HAMDEN — The Connecticut Board of Education has granted Quinnipiac University licenses for programs in civil, mechanical, industrial and software engineering leading to BS degrees and enabling the university to launch its engineering program in the School of Business & Engineering.
“We can now officially market, recruit and teach courses in our four engineering disciplines,” said Scott Hamilton, chair of engineering. An outside reviewer met with Hamilton and other administrators to examine each of the programs, its plan and how it will be supported. The first engineering classes will begin this August.
Individual engineering classes will not exceed 20 students, Hamilton said, allowing for intimate learning environments. “They will know their professor and their professor will know them,” Hamilton said.
BRIDGEPORT — The National Association of Community College Entrepreneurship (NACCE), the nation’s leading organization focused on promoting entrepreneurship through community colleges, has announced that President Anita Gliniecki of Housatonic Community College has joined its new Presidents for Entrepreneurship Forum. Through the program, presidents of community colleges nationwide commit to increase the focus on entrepreneurship at their institutions and the impact these colleges have on the economic well-being of the communities they serve.
“The support of entrepreneurship is critical to the economic growth and vitality of the college’s service region and the state,” said President Gliniecki. “Thus, HCC has actively promoted and supported our students’ development of the necessary skills to be successful entrepreneurs.”
WEST HAVEN — Ketryk Wilder of Burnt Hills, N.Y., will be a sophomore at the University of New Haven this fall, but he won’t be in West Haven.

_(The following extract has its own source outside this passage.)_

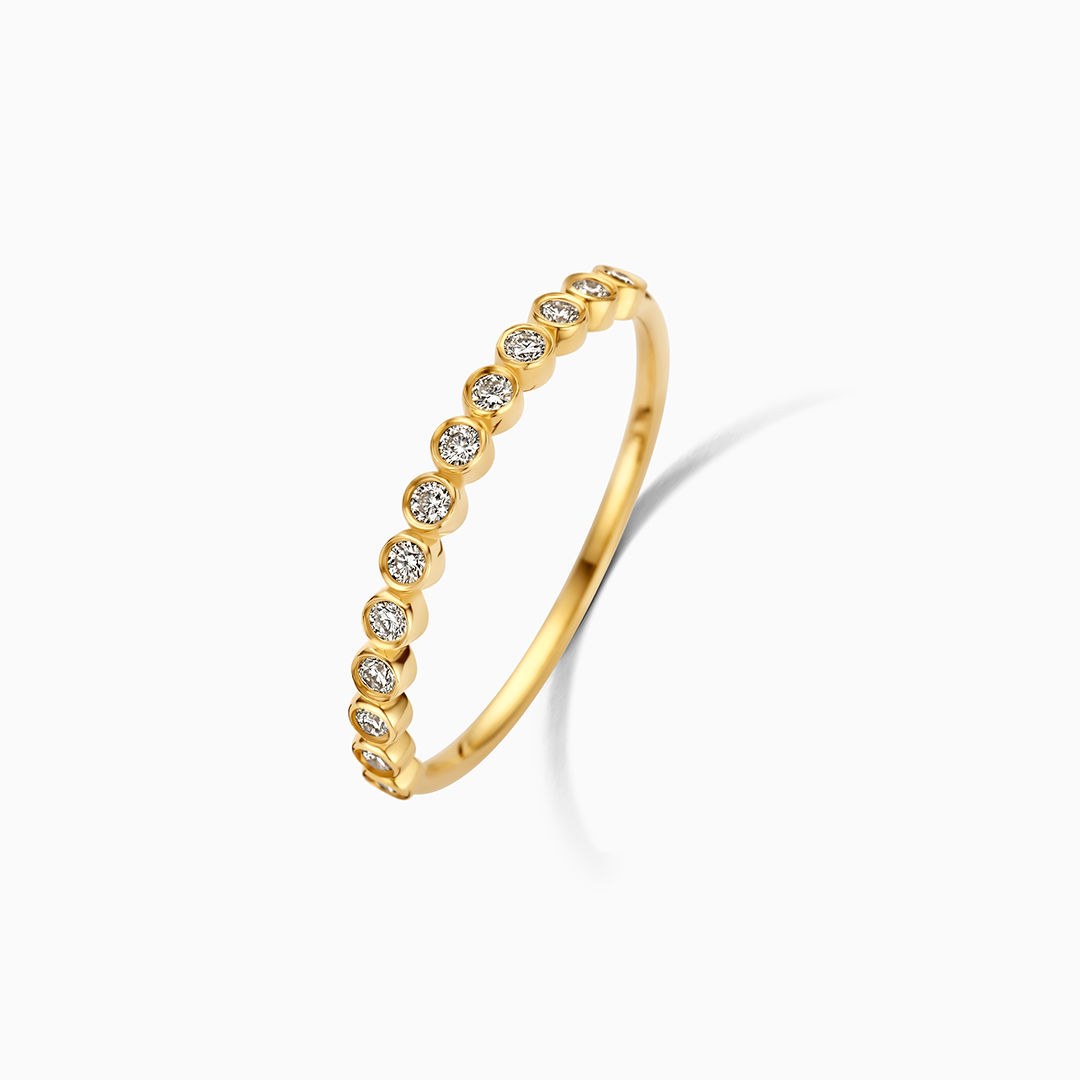 Pearl™ - ELEGANT DIAMOND RING WITH A LUSTROUS PEARL DESIGN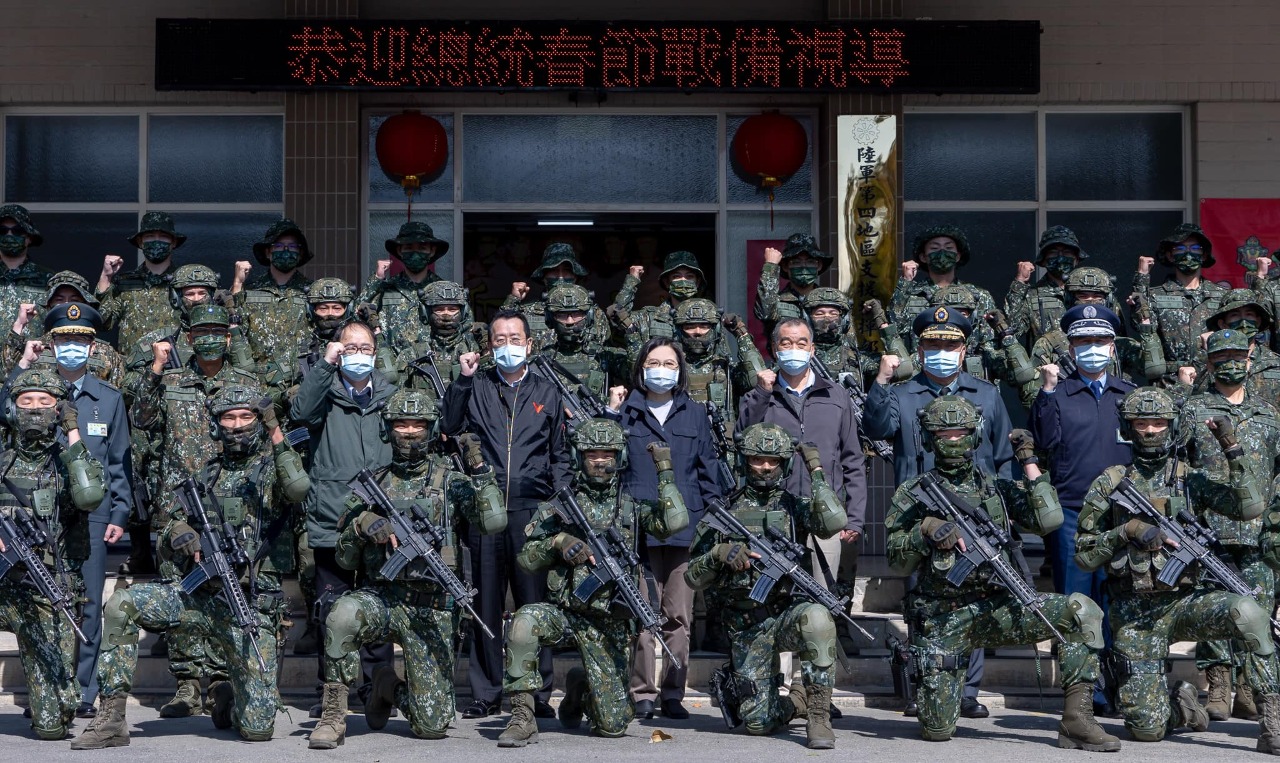 總統慰勉國軍海巡水利留守同仁 感謝堅守崗位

He will be the university’s first exchange student in South Korea.
Last month UNH signed an exchange agreement with the Korea National Police University (KNPU), by virtue of which Wilder will join a class of 30 Korean students who will be studying criminal justice as they train to become Korean national police officers. In return KNPU has identified two students who will attend UNH in the fall.
The exchange agreement was signed by UNH and KNPU on July 30 when the KNPU president and chief superintendent general Cheon-Ho Suh came to West Haven to tour the UNH campus.
Each year KNPU admits 120 South Koreans between the age of 17 to 20 who are high school graduates and have proven scholastic ability. Students must successfully complete a four-year course of study (172 credits) to graduate.